When reviewing the grant of a summary judgment motion, appellate courts apply the same standard which governs the trial court under Rule 56(c), SCRCP, which states that summary judgment is proper when there is no genuine issue as to any material fact and the moving party is entitled to judgment as a matter of law.  Rule 56(c), SCRCP; Helms Realty, Inc. v. Gibson-Wall Co., 363 S.C. 334, 340, 611 S.E.2d 485, 488 (2005).  On appeal from an order granting summary judgment, the appellate court will review all ambiguities, conclusions, and inferences arising in and from the evidence in a light most favorable to the non-moving party below.  Willis v. Wu, 362 S.C. 146, 150-51, 607 S.E.2d 63, 65 (2004); see also, Schmidt v. Courtney, 357 S.C. 310, 316-17, 592 S.E.2d 326, 330 (Ct. App. 2003) (stating all ambiguities, conclusions, and inferences arising from the evidence must be construed most strongly against the moving party).

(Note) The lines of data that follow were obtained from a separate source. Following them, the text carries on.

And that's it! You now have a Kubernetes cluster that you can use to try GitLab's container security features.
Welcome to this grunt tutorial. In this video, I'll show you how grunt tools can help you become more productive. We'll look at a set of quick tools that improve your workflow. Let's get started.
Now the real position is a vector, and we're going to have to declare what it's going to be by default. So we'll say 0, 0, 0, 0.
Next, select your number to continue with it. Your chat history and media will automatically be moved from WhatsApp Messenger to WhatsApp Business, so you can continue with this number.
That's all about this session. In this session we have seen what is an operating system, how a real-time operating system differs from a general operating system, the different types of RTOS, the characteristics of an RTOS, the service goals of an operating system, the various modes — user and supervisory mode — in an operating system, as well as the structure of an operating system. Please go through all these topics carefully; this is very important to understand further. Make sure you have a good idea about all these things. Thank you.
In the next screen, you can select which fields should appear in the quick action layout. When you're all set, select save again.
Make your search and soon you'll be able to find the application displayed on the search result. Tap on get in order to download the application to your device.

Summary judgment is not appropriate when further inquiry into the facts of the case is desirable to clarify the application of the law.  Gadson v. Hembree, 364 S.C. 316, 320, 613 S.E.2d 533, 535 (2005); Montgomery v. CSX Transp., Inc., 362 S.C. 529, 542, 608 S.E.2d 440, 447 (Ct. App. 2004).  Even when there is no dispute as to evidentiary facts, but only as to the conclusions or inferences to be drawn from them, summary judgment should be denied.  Nelson v. Charleston County Parks & Recreation Comm’n, 362 S.C. 1, 5, 605 S.E.2d 744, 746 (Ct. App. 2004).  However, when plain, palpable, and indisputable facts exist on which reasonable minds cannot differ, summary judgment should be granted.   Ellis v. Davidson, 358 S.C. 509, 518, 595 S.E.2d 817, 821 (Ct. App. 2004).

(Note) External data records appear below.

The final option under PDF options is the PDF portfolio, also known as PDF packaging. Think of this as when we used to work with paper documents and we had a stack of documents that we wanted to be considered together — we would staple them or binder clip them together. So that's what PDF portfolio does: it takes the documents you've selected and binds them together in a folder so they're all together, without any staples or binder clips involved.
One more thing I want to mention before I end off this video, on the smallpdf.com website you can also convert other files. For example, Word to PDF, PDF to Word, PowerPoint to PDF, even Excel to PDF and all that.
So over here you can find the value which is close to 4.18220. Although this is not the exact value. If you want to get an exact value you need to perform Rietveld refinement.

It is undisputed the Covenants of Waterford Place provide that each owner by acceptance of the deed agrees to pay the assessments and a failure to do so may result in a foreclosure.  Barnes readily admits he failed to pay the assessments since June 3, 2002.  The trial court was correct in concluding that regardless of Waterford’s failure to make repairs as required by the Covenants, Barnes’ duty to pay remains.  His admitted failure to pay the assessments triggered the foreclosure provision of the Covenants.  As for Barnes’ counterclaims, he does not make an argument in his brief concerning these issues.   We therefore, find it unnecessary to reach the merit of his counterclaims.    

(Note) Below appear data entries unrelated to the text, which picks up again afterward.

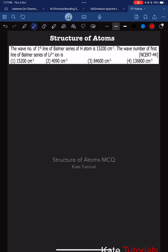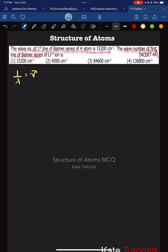Hi everyone, welcome to this video. The wave number of the first line of the Balmer series of a hydrogen atom is 15200 per centimeter. We need to find the wave number of the first line of the Balmer series of the lithium 2 plus ion. For hydrogen, the first line of the Balmer series is given as 15200 per centimeter.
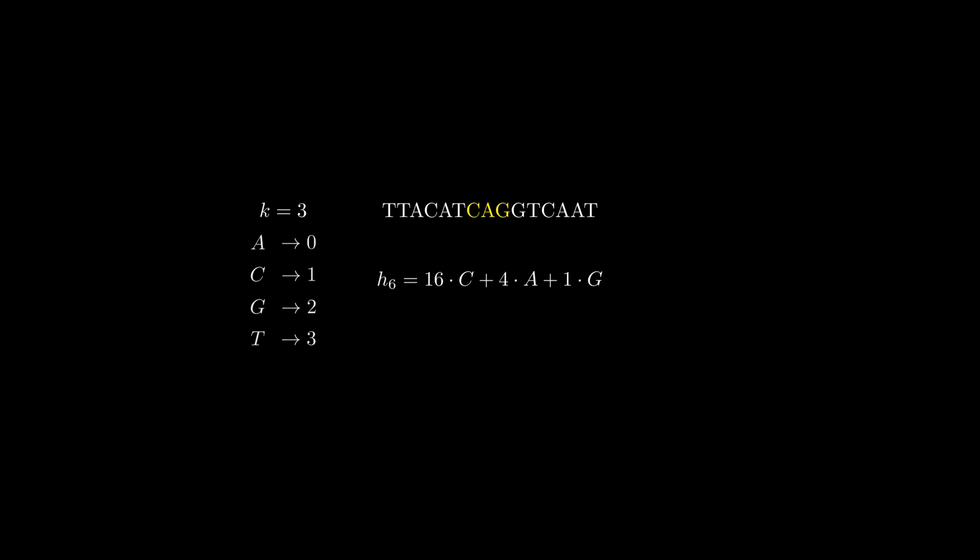Now, let's bring back those mappings and plug in the values again. That means our hash or index value for CAG at position 6 is 18.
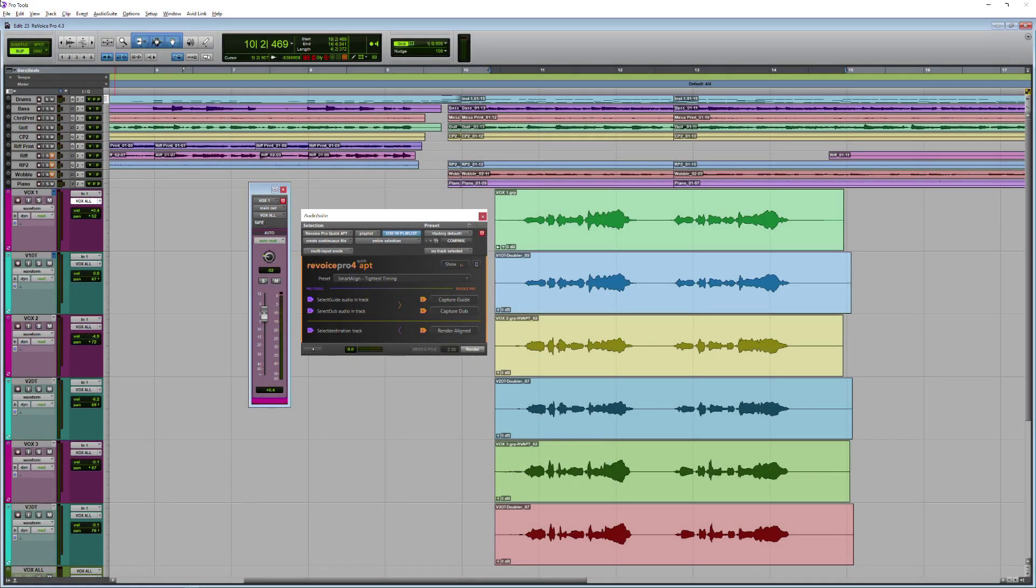So that is Revoice Pro with Smart Align Technology for music. Tight vocal stacks every time. To find out more, head over to the Production Expert blog where you can read our full article.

Barnes also argues that by granting summary judgment, the trial court violated his “constitutional right to have trial by jury.”  Barnes cites Rule 38(a), SCRCP, as the basis for his argument.  Though Rule 38(a) does provide for a trial by jury in certain cases, Rule 56, SCRCP, provides for summary judgment if there is no genuine issue of material fact and the moving party is entitled to judgment as a matter of law.  In essence, Rule 56 allows for an efficient disposition of a case when there is no need for it to go to a jury.  Barnes’ right to a jury trial was not violated by the granting of summary judgment.  To hold otherwise would mean that whenever a jury demand is made, summary judgment is no longer an option. 

CONCLUSION

For the reasons stated herein, the trial court’s decision is

AFFIRMED. 

SHORT, WILLIAMS, JJ., AND CURETON, A.J., CONCUR.


[1] We decide this case without oral argument, pursuant to Rule 215, SCACR.